Xeon E7 servers run with the big dogs
Gives chase to RISC and Itanium foxes
Deep Dive Intel has come a long way in the server racket, and the new "Westmere-EX" Xeon E7 processor, launched in April and making its way into systems now, is arguably its most sophisticated processor for servers to date.
The Xeon E7 processors cram ten cores onto a single die, but the Xeon E7 design is a bit more than taking an eight-core "Nehalem-EX" Xeon 7500 processor and cramming two more cores onto the chip.
This complete system design marries lots of cores and execution threads to big gobs of shared L3 cache and the high-bandwidth QuickPath Interconnect (QPI) allowing for vendors to create machines that can, in theory, scale from 2 to 32 processor sockets in a single system image.

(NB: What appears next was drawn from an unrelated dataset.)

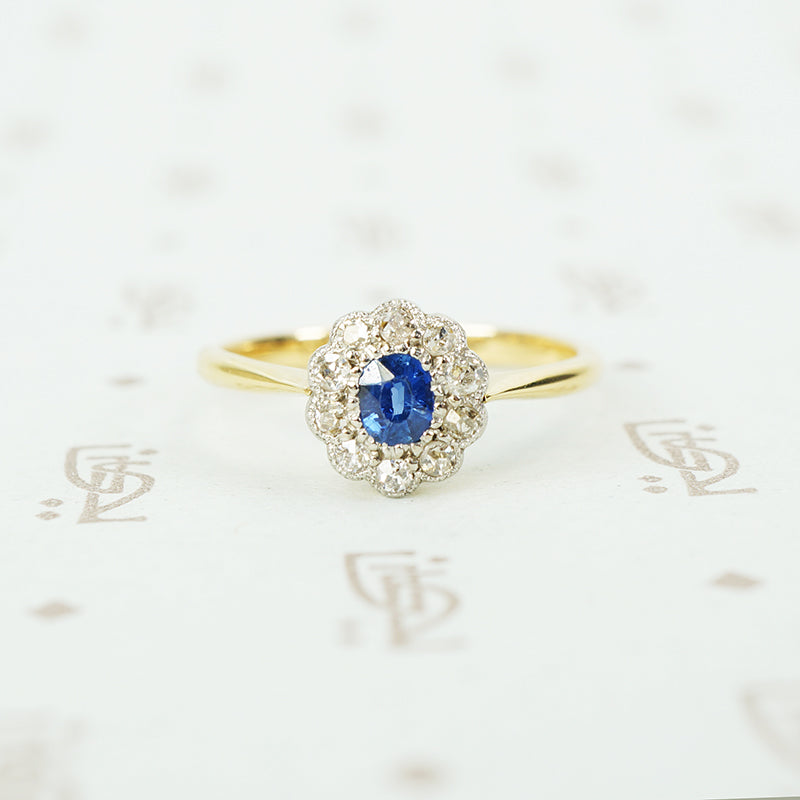 platinum on 18k yellow gold oval sapphire and diamond halo ring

This kind of scalability is not available in systems based on current Xeon 5600 processors from Intel or those based on Opteron 6100 processors from AMD.

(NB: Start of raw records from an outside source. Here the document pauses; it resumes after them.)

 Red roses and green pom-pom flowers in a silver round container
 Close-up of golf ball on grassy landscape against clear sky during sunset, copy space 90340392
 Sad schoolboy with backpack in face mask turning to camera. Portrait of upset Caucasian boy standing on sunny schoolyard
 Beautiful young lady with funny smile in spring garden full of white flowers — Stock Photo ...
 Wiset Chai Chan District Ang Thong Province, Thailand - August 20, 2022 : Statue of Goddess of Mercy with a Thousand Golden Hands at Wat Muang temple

With the high core, thread, and socket counts, large memory capacity and bandwidth, high I/O bandwidth, Xeon E7 systems rival all but the very biggest RISC/Itanium or mainframe systems. And, Xeon E7 machines can do it running Linux or Windows, which have been tuned to scale across the cores, threads, and sockets.
Nehalem-EX chip architecture
With the "Nehalem-EX" Xeon 7500 processors announced in March 2010, Intel at last shifted its high-end chips away from the slow front side bus architecture.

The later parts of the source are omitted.